Clara Train - Getting started with a Cloud Service Provider
Researchers who do not have access to a local GPU workstation or server can easily get started with the Clara Train SDK using a GPU-enabled instance from a Cloud Service Provider (CSP). The following services have been validated; other CSPs may be used with similar configurations:
Amazon Web Services (AWS)
Google Cloud Platform Services (GCP)
Microsoft Azure Cloud Services (Azure)
Hardware:
GPU: V100 16GB or 32GB
~8 vCPU w/ AVX
64GB memory
100GB storage
AWS p3.2xlarge
Azure Standard_NC6s_v3
OS and software stack:
Ubuntu LTS or similar, Docker, nvidia-container-runtime
Network and security:
-
- Ports
-
SSH - 22
JupyterLab - 8888 or 8890 as in the following examples
AIAA - 5000
HTTP/HTTPS
SSH authentication via shared key identity
AWS
An overview of NGC on AWS can be found in the NGC Docs at https://docs.nvidia.com/ngc/ngc-deploy-public-cloud/ngc-aws/index.html.
GCP
An overview of NGC on GCP can be found in the NGC Docs at https://docs.nvidia.com/ngc/ngc-deploy-public-cloud/ngc-gcp/index.html.

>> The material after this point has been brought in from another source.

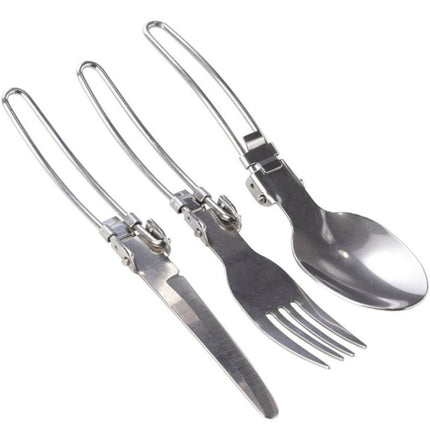MEVA Tourist camping utensils kettle pot frying pan cutlery SET for 2 people – image 4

To use an external SSH client, enable OS Login by editing the VM instance configuration to add:
the
enable-oslogin
,TRUE
metadata key, value pair-
- your public SSH key
-
It may be necessary to use the web-based SSH console to manually add your public key in
~/.ssh/authorized_keys
When the ssh key is added manually, you will also have to enable sudo access using visudo and adding:
<username> ALL=(ALL) NOPASSWD:ALL
To open the ports necessary for Clara Train AIAA and JupyterLab, create a VPC Firewall rule allowing access on ports 5000 and 8890. This can be done in two steps:
edit the VM instance details to add a network label
under network interfaces click to view details, then use VPC Network > Firewall to create a firewall rule for ports 5000 and 8890 targeting the network label added above
Some examples in the Clara Train Getting Started notebooks require docker-compose. This can be installed following the directions here: https://docs.docker.com/compose/install/
GCP Ubuntu instances set a default umask of 0077, which can cause issues for users mounting directories in the Clara Train docker container. This can be changed by setting:
umask 0002
To make this persistent, add umask 0002
to your user ~/.bashrc
configuration. If there are existing files with
restrictive permissions, you may need to run:
chmod -R a+rX ~/*
If there are files with root ownership, e.g., from running other containers, you may need sudo in the above chmod command.
Azure
An overview of NGC on Azure can be found in the NGC Docs at https://docs.nvidia.com/ngc/ngc-deploy-public-cloud/ngc-azure/index.html.
Azure Ubuntu instances set a default umask of 0077, which can cause issues for users mounting directories in the Clara Train docker container. This can be changed by setting:
umask 0002
To make this persistent, add umask 0002
to your user ~/.bashrc
configuration. If there are existing files with
restrictive permissions, you may need to run:
chmod -R a+rX ~/*
If there are files with root ownership, e.g., from running other containers, you may need sudo in the above chmod command.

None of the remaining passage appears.